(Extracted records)

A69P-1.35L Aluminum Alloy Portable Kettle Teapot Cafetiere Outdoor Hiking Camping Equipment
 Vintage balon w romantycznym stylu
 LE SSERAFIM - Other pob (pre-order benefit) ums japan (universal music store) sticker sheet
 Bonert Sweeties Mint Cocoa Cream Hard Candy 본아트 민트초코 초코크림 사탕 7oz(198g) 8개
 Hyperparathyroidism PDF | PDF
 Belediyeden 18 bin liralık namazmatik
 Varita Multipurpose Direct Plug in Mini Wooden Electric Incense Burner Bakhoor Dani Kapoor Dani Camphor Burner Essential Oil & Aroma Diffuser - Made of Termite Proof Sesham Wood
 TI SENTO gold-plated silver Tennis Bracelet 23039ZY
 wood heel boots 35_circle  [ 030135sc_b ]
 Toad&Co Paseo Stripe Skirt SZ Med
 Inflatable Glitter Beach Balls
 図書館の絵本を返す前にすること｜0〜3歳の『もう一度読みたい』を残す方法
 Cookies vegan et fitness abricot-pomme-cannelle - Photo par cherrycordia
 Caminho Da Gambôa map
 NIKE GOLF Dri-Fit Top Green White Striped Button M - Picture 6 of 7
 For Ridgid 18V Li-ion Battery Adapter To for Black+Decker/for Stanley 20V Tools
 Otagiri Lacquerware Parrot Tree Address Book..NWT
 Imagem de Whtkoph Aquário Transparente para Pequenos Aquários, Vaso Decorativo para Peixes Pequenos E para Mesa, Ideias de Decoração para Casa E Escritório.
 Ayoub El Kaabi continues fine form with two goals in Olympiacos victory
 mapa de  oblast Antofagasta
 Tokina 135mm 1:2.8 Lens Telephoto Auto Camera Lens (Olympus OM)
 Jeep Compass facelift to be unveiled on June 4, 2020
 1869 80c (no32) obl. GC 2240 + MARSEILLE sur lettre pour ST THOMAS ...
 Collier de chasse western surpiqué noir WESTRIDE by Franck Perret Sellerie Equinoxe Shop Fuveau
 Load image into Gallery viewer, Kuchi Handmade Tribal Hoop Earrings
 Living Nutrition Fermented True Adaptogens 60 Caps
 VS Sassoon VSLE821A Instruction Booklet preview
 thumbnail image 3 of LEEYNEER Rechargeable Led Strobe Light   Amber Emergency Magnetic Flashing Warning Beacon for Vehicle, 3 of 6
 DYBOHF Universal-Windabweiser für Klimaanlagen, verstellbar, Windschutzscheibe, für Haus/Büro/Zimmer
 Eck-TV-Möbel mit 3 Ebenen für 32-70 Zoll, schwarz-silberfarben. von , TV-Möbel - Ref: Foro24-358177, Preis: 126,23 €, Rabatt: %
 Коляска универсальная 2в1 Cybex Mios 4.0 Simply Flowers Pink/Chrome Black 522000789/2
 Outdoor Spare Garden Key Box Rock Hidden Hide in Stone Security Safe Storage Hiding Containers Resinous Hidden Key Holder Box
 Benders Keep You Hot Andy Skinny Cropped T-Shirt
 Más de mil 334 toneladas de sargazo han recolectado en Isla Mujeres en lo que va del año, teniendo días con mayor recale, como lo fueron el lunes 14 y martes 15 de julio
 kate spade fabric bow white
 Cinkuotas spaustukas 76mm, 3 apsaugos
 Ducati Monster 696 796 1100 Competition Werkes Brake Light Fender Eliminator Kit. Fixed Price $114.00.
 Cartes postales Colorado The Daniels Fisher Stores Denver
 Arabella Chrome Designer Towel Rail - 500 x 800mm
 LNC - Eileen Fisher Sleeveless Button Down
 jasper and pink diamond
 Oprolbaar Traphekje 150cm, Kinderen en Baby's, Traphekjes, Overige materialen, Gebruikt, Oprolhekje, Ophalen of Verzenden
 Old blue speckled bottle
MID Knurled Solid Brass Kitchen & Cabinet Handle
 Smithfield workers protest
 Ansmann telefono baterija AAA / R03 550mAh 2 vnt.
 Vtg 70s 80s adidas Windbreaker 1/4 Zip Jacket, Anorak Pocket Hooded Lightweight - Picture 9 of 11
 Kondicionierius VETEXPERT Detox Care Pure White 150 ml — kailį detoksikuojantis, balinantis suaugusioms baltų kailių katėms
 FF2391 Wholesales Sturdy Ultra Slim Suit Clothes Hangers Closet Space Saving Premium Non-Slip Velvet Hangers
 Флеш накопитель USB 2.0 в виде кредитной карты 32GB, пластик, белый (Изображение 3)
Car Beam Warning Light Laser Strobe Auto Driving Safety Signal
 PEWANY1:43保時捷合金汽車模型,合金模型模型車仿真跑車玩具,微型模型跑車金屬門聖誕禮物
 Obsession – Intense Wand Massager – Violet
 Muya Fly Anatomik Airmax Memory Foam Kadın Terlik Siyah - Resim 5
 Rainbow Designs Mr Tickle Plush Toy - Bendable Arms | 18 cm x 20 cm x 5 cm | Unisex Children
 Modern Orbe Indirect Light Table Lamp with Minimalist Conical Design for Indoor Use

GOAL OF THE EXERCISE = Where a line of the entries above holds the word "Outdoor", return that line.

EXERCISE RESPONSE =
A69P-1.35L Aluminum Alloy Portable Kettle Teapot Cafetiere Outdoor Hiking Camping Equipment
 Outdoor Spare Garden Key Box Rock Hidden Hide in Stone Security Safe Storage Hiding Containers Resinous Hidden Key Holder Box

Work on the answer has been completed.